Par ailleurs, Hubert Heyriès travaille actuellement sur les volontaires garibaldiens qui sont allés se battre aux côtés des Français en 1914-1915 dans le 4e régiment de marche du 1er régiment de la Légion Étrangère. Il fait un appel à "témoin", des vétérans (on ne sait jamais) ou des descendants, ont peut-être conservés des journaux de marche, des carnets, des lettres du front. C'est une courte période (novembre 1914-mars 1915), mais plus de la moitié des volontaires garibaldiens vinrent des régions marseillaises, niçoise, lyonnaise et parisienne, donc des régions françaises, contrairement à la propagande italienne qui affirme au contraire qu'ils vinrent de l'Italie. De sorte, qu'il y a certainement aujourd'hui beaucoup de Français d'origine italienne qui s'intéressent à cette histoire. Nous sommes très attentifs à la collecte d'éléments afin d'enrichir cette recherche...


Les militaires savoyards et niçois entre deux patries (1848-1871).
Approche d'histoire militaire comparée, armée française, armée piémontaise, armée italienne
Études militaires n°30, Montpellier, Presses universitaires de Montpellier, 2001, 576 p.
À se procurer auprès du service d'édition de l'université Paul-Valéry/Montpellier III, route de Mende, 34000 Montpellier.


L'histoire militaire est depuis un quart de siècle en plein renouvellement. Elle est désormais tout aussi bien idéologique et politique que sociale, histoire des mentalités qu'histoire des sensibilités. L'ouvrage qu'Hubert Heyries, maître de conférences à l'Université Montpellier 3, a tiré de sa thèse en est un nouveau témoignage. À partir de l'étude des militaires savoyards et niçois qui, en 1860, furent "contraints de choisir" entre la nationalité française et la nationalité piémontaise en raison de la formation de l'unité italienne, l'auteur livre une magistrale analyse des motivations professionnelles, sociales et culturelles de ces hommes déchirés pour la plupart entre deux états-nations et deux patries.
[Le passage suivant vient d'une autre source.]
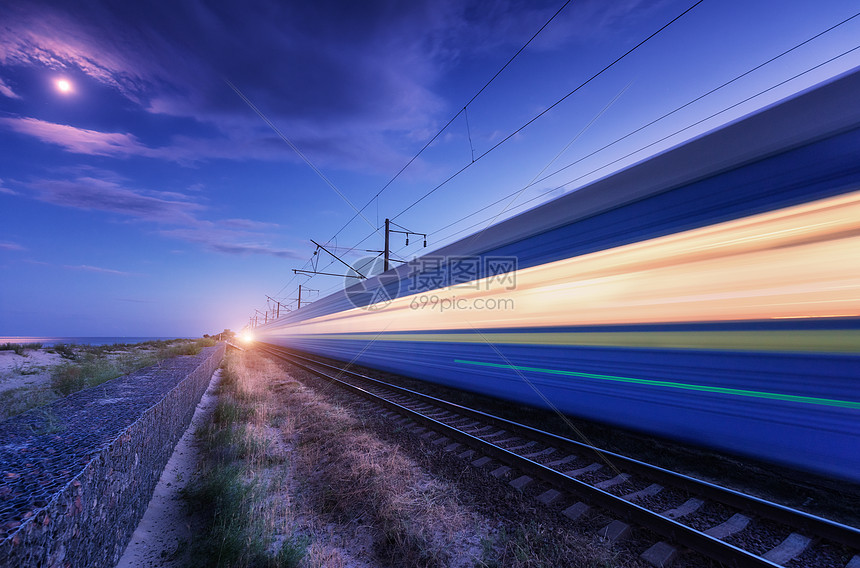 夏季夜间铁路上运动的高速客运列车图片
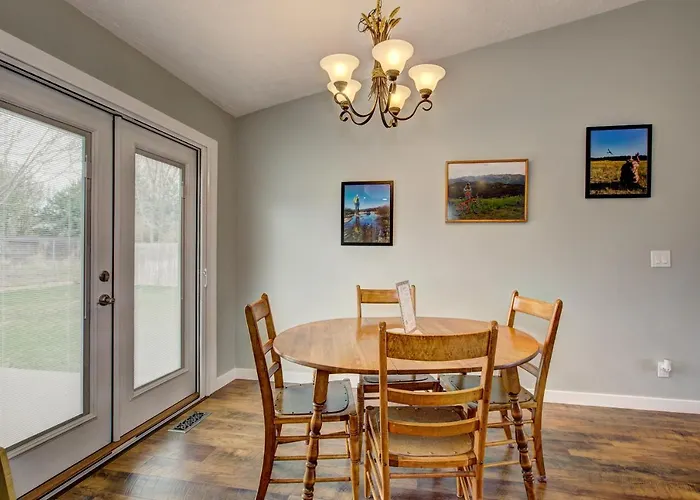 Hello Dolly: Cozy 3-Bed Retreat with Fireplace near Trails and River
C'est aussi, en effet, l'un des apports essentiels de cet ouvrage que d'effectuer une démarche d'histoire comparée à propos de la formation du sentiment d'appartenance nationale. Chez ces hommes, au demeurant, il résulta des circonstances plus que d'un enracinement dans la longue durée.

Une vaste palette de sources tant françaises qu'italiennes a permis à l'auteur de défricher un terrain quasiment vierge pour les Savoyards et qui l'était totalement pour les Niçois, malgré la dispersion des fonds militaires italiens voire leur éclatement entre Turin et Rome, malgré leurs lacunes qui rendirent initialement difficile l'application à ce cas des méthodes pionnières mises au point, pour les époques précédentes, par André Corvisier et Jean-Paul Bertaud. Pour surmonter ces obstacles, Hubert Heyries a littéralement "inventé" des sources ignorées jusque-là.
L'historien inscrit son analyse dans le moyen terme, c’est-à-dire la période située entre 1848 et 1871. 1848, année où le fait national revêt une ampleur jamais atteinte auparavant et lors de laquelle les soldats et officiers savoyards et niçois sont, du fait de leur appartenance à l'armée piémontaise, pleinement engagés au sens militaire du terme, dans le processus risorgimental. 1871, lorsque l'unité italienne est achevée par la "résolution" de la question romaine et où, immanquablement et de par ce seul fait, les relations entre la France et l'Italie prennent un nouveau cours. Les conséquences du choix des militaires savoyards et niçois en 1860, minoritaire en faveur de la France et très largement majoritaire en faveur du Piémont, apparaissent alors dans toute leur irrévocabilité.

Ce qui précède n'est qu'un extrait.